» **Activity**: The entire listing below is to be written out exactly, minus the pictures.
┌─ Supplied information
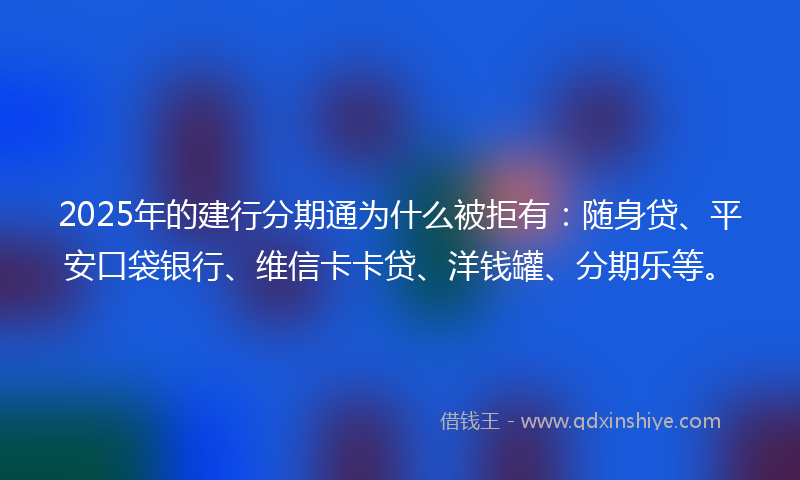 2025年的建行分期通为什么被拒有：随身贷、平安口袋银行、维信卡卡贷、洋钱罐、分期乐等。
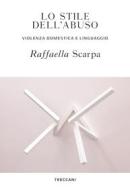 Ebook Lo stile dell'abuso di Scarpa Raffaella edito da Treccani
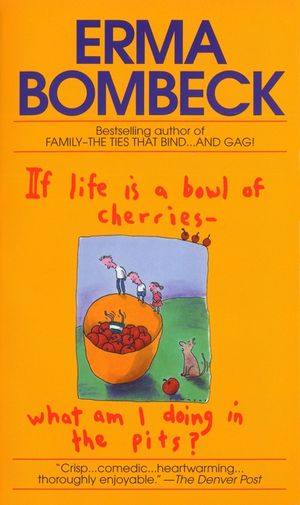 If Life Is a Bowl of Cherries What Am I Doing in the Pits?: Bestselling Author of Family--The Ties That Bind...and Gag! image number 0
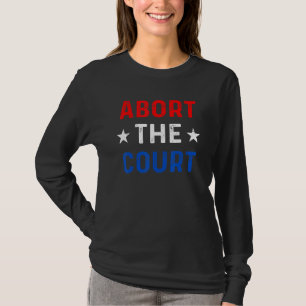 T-shirt Abandonner la Cour 4 juillet Scotus Droits Reprodu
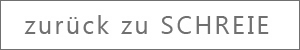 zurück zu SCHREIE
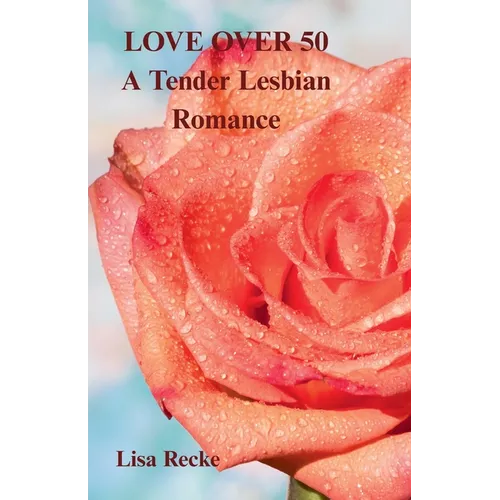 LOVE OVER 50, a Tender Lesbian Romance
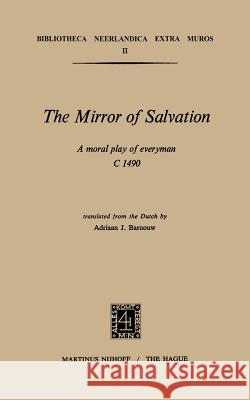 The Mirror of Salvation: A Moral Play of Everyman C. 1490 Barnouw, Adriaan J. 9789024750955 Nijhoff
└─
» **Your solution**:
 2025年的建行分期通为什么被拒有：随身贷、平安口袋银行、维信卡卡贷、洋钱罐、分期乐等。
 Ebook Lo stile dell'abuso di Scarpa Raffaella edito da Treccani
 If Life Is a Bowl of Cherries What Am I Doing in the Pits?: Bestselling Author of Family--The Ties That Bind...and Gag! image number 0
 T-shirt Abandonner la Cour 4 juillet Scotus Droits Reprodu
 zurück zu SCHREIE
 LOVE OVER 50, a Tender Lesbian Romance
 The Mirror of Salvation: A Moral Play of Everyman C. 1490 Barnouw, Adriaan J. 9789024750955 Nijhoff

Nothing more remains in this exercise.